Abstract

This study aims to uncover the politics and poetics of the human body within the cultural context of the English Renaissance through the analysis of Christopher Marlowe's Dr. Faustus, a tragedy on the rebellious hero's fatal valuing of corporeality (body) over spirituality (soul). Corporeality is to Faustus the truth of his searching of immortality, the signifier of the exercise of the mighty godlike power, in that he claims himself a demi-god, soaring above the human confinement. Above all, Faustus envisions the decay of the human body as being even more horrible than the damnation of the soul, thus he is driven to worship the fullest corporeal satisfaction. His conjuring up of Alexander the Great and Helen of Troy has suggested to some critics the replacing of life with death, regeneration with decay, classical knowledge with necromancy, God with Lucifer. The ”art” of necromancy is to the magician his telescope, the transgressive tool with which one may peep/penetrate into heaven.
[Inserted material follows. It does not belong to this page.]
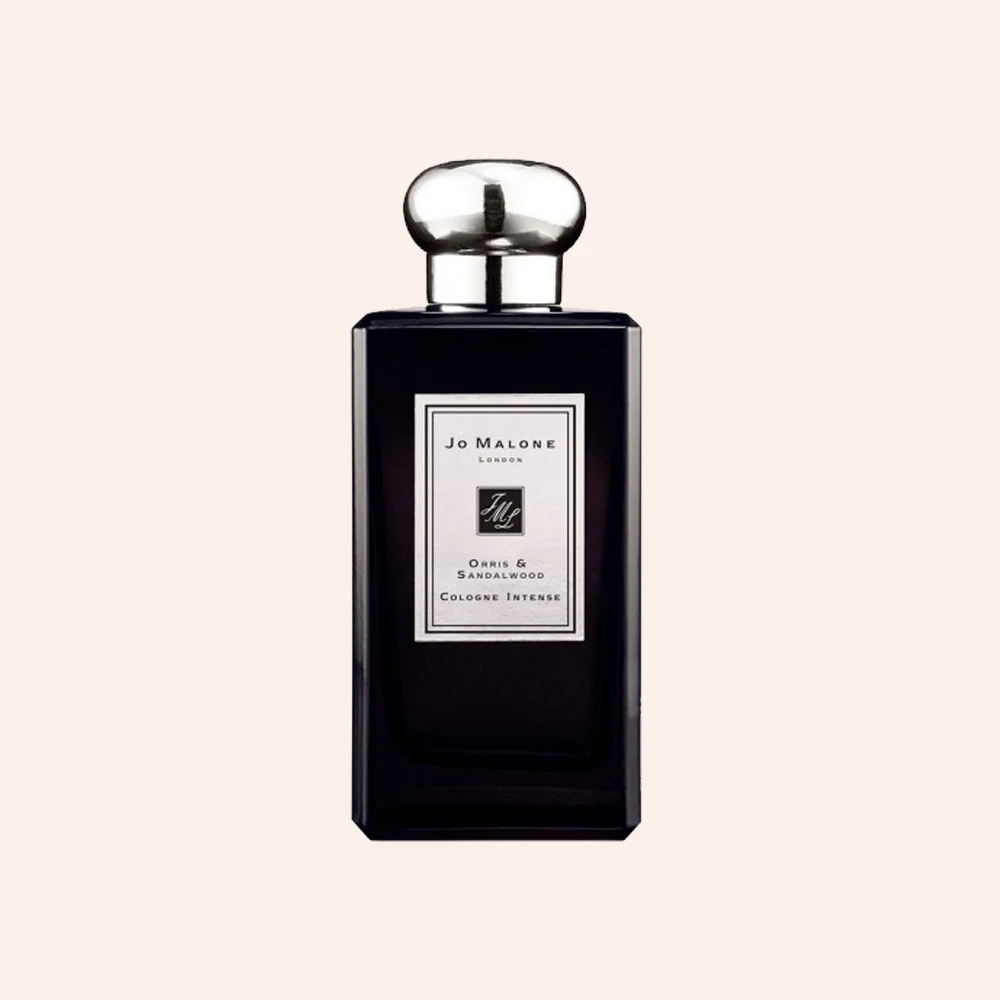 Orris & Sandalwood For Unisex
Like his corporeal eye's circular field of vision which also encompasses the powers of memory and imagination, the conjurer's circle that surrounds his/her body blurs the boundaries between past and present, living and dead. In his voyeuristic gaze of Helen, we see the congruence of the conjurer’s circle and the circular field of vision of the eye, where the latter now has an active necromantic force or power: the necromancer's lustful voyeurism is also his power to conjure the very physical object of his desire. With Faustus' kiss of Helen, the corporeal part-tongue-is brought into lay, a body part untamed and associated with Faustus’ inflamed, impassioned, swollen rhetoric, hyperbolic, winged lingua, which has extended to his incantations. The words written on Faustus' body, with its self-negating command to ”flee,” like the blood that congeals and then recommences to flow, suggests a kind of magic power that resides finally in stasis and self-control, if not quite total self-negation.